Edmonton city councillor Mike Nickel is pushing his city to adopt bylaws allowing for cannabis lounges, making Edmonton the nation’s first municipality to consider legal consumption sites.
“If it’s a legitimate product, then we have to see it consumed responsibly,” Nickel told Global News. “Cannabis lounges are going to come. […] How do we create these lounges? How do we make them happen? How do we zone these things?”
Cannabis lounges may do little to excite business executives like Victoria’s Secret turned Green Growth Brands CEO Peter Horvath, who said of venues where people consume cannabis on site, “It sounds like a repulsive experience to me.”
Horvath’s opposition to cannabis lounges has largely to do with their low margins and low potential for profit, but many cannabis consumers—particularly medical consumers— find cannabis lounges or “cafés” offer a variety of advantages.
Some patrons enjoy being able to rent more sophisticated vaping (or smoking) equipment than they can personally afford to own themselves, while others like being able to use cannabis openly in a stigma-free space.
Depending on the province, lounges can be a refuge for cannabis consumers allowed neither to consume cannabis in their rental apartment or condo, nor to do so in public. New cannabis users appreciate the guidance and insight from knowledgeable staff, while others argue lounges reduce public cannabis consumption.
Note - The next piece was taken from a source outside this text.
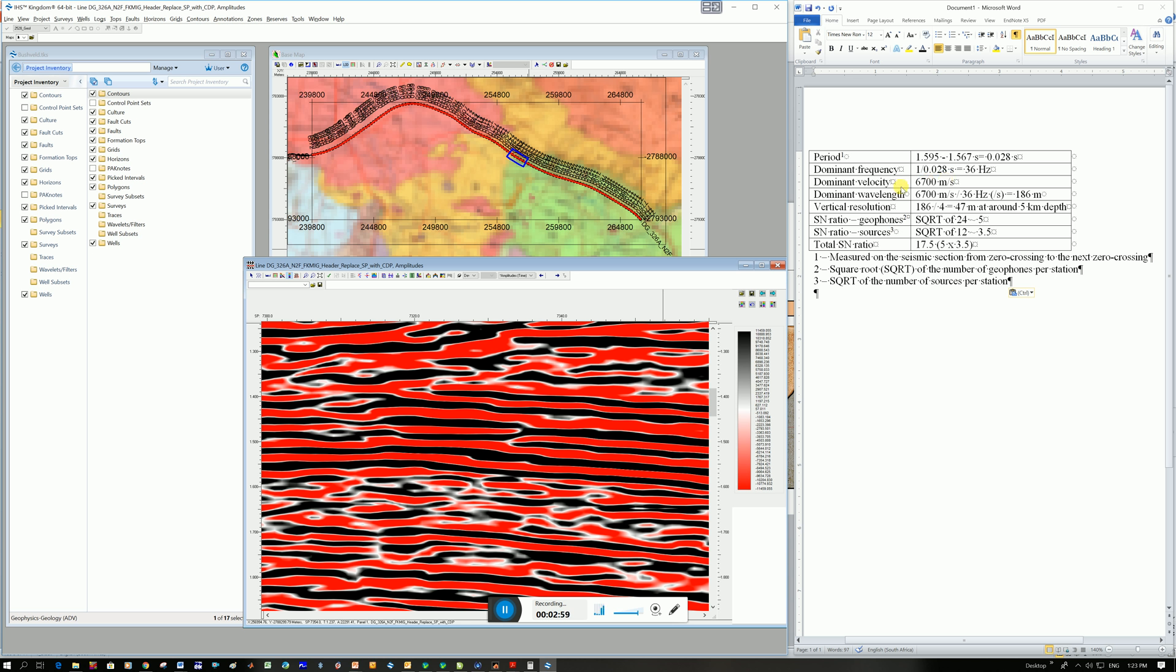And the next thing to calculate the dominant wavelength is you go that velocity divided by 36 and it gets you your dominant wavelength. So mine's 186. And then to calculate your vertical resolution you go 186 divided by 4 and I get 47 meters. So that means, and I'm calculating this at 1.5 seconds two-way travel time which converts to a depth of about 5 kilometers. And so that means that about 5 kilometers depth I cannot see a throw on a fault that is less than 50 meters or a body that is thinner than 50 meters. And so that's how you calculate this vertical resolution.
Politicians, though, have not been in a hurry to approve consumption lounges. Ontario’s Conservative Ford government changed the Smoke Free Ontario Act to make cannabis consumption regulated similarly to tobacco smoking, rather than alcohol use, and in doing so effectively outlawed cannabis lounges in the province of Ontario. Primarily at issue were not only concerns about patrons’ health, but also the health of employees in contact with second-hand smoke.
Those issues drove Alberta’s initial reticence to license cannabis lounges (albeit partly due to ill-informed beliefs that second-hand cannabis smoke in a lounge would be enough to impair bystanders).
However, from the beginning, Alberta has always been more open to lounges than other provinces—partly because cities like Calgary have banned public use entirely. After briefly considering allowing consumption in public parks, public outrage over the idea led Calgary to drop the idea of “pot parks,” but on both the provincial and municipal levels, Alberta governments have openly discussed lounges since the beginning of legalization.
Unlike other provinces and municipalities that rejected lounges outright, Alberta said it would consider allowing lounges—after the second wave of legalization occurred.
With the 60 day runup to the release of new products well under way, Edmonton may well become the first Canadian municipality to allow consumption lounges, though it certainly won’t be the last.